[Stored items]
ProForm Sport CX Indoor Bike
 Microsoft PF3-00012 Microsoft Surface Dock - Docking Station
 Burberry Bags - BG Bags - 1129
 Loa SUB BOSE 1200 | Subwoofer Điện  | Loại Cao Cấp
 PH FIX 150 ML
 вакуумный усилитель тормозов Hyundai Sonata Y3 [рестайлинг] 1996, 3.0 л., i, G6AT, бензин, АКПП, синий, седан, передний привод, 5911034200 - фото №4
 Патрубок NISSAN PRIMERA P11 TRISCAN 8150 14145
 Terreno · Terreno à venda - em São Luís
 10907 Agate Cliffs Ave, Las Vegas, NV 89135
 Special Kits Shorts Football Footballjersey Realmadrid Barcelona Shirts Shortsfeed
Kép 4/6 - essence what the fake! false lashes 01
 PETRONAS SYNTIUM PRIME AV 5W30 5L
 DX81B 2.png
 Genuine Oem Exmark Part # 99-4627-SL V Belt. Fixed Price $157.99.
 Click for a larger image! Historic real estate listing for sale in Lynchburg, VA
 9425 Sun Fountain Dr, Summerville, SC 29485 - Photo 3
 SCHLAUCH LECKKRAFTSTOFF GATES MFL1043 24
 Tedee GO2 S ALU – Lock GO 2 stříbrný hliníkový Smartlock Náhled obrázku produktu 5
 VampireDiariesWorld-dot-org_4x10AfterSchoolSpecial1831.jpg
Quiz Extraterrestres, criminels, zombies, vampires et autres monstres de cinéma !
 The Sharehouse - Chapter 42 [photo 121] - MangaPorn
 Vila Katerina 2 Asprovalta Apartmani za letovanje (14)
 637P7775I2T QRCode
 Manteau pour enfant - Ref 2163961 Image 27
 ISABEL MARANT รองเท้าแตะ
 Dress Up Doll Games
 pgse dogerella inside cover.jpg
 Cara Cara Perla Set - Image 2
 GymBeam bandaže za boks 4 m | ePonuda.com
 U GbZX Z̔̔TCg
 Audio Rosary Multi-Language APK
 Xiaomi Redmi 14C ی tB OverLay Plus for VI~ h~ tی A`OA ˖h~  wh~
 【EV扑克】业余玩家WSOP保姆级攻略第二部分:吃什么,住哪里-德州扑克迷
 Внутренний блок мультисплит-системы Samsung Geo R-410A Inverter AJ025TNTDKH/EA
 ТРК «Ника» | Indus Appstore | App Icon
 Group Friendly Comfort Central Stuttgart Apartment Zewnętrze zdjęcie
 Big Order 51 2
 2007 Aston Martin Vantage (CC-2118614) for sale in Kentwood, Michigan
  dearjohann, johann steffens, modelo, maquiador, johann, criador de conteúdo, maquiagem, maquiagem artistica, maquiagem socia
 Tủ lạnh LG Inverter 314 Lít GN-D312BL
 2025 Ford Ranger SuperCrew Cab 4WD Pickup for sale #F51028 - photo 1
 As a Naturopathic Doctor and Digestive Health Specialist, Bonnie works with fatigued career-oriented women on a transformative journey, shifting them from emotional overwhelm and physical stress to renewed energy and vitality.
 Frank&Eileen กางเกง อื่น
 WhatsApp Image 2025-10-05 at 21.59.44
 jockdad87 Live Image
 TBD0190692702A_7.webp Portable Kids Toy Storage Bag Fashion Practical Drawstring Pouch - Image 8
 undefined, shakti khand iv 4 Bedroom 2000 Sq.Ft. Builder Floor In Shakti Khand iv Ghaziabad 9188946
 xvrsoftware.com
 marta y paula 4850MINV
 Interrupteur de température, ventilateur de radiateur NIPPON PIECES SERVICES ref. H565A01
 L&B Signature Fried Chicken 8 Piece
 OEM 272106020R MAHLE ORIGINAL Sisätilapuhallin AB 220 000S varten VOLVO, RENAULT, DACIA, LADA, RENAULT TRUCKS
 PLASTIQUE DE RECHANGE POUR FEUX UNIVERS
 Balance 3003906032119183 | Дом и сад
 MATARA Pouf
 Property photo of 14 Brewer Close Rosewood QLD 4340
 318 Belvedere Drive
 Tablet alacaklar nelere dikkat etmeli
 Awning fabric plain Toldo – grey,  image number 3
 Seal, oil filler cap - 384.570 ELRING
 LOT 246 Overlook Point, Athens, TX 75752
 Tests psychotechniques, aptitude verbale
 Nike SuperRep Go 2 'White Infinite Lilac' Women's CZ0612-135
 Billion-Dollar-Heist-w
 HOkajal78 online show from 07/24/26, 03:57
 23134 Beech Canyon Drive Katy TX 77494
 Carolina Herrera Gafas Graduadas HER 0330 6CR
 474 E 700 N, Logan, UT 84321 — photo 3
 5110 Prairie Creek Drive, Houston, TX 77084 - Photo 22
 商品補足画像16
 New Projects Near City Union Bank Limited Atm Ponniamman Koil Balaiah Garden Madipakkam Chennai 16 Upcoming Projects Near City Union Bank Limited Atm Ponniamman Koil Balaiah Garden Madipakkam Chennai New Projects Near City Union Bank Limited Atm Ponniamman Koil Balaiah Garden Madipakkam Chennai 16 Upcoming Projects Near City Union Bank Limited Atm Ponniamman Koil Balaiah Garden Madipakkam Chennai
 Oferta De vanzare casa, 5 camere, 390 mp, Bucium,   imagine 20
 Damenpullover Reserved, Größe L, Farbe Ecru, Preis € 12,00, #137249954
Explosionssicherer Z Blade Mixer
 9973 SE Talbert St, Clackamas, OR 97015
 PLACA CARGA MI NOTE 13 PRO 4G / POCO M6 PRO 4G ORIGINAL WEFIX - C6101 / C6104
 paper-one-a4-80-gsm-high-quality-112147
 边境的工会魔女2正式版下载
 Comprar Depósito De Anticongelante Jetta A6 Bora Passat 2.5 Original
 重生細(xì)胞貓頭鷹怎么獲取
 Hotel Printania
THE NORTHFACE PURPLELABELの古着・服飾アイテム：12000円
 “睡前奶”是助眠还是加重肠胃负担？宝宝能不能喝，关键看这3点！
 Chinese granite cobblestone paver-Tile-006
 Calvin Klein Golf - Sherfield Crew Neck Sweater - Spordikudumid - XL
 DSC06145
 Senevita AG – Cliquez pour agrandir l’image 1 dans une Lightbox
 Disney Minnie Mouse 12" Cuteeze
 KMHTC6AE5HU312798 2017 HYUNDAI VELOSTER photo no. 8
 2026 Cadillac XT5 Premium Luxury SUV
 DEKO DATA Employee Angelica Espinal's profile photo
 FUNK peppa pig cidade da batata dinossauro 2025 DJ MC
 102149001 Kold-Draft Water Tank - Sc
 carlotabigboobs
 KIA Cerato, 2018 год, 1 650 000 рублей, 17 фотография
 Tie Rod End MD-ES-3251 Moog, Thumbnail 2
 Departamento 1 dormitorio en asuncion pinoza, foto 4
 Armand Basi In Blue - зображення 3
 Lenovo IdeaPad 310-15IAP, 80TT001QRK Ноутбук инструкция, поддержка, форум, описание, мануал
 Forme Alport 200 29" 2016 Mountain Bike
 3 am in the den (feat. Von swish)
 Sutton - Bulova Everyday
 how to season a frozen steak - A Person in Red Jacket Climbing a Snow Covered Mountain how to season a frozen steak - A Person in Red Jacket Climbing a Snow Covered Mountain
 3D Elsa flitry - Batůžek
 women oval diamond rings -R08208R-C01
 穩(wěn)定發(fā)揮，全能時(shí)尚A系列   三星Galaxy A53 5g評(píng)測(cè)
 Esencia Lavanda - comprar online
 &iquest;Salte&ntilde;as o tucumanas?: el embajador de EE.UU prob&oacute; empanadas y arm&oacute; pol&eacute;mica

*WORK ORDER*: One stretch of the lines above is wanted, from the line that contains "PLASTIQUE DE RECHANGE POUR FEUX UNIVERS" through the line that contains "LOT 246 Overlook Point, Athens, TX 75752". Output it exactly.

*FINISHED TASK*:
 PLASTIQUE DE RECHANGE POUR FEUX UNIVERS
 Balance 3003906032119183 | Дом и сад
 MATARA Pouf
 Property photo of 14 Brewer Close Rosewood QLD 4340
 318 Belvedere Drive
 Tablet alacaklar nelere dikkat etmeli
 Awning fabric plain Toldo – grey,  image number 3
 Seal, oil filler cap - 384.570 ELRING
 LOT 246 Overlook Point, Athens, TX 75752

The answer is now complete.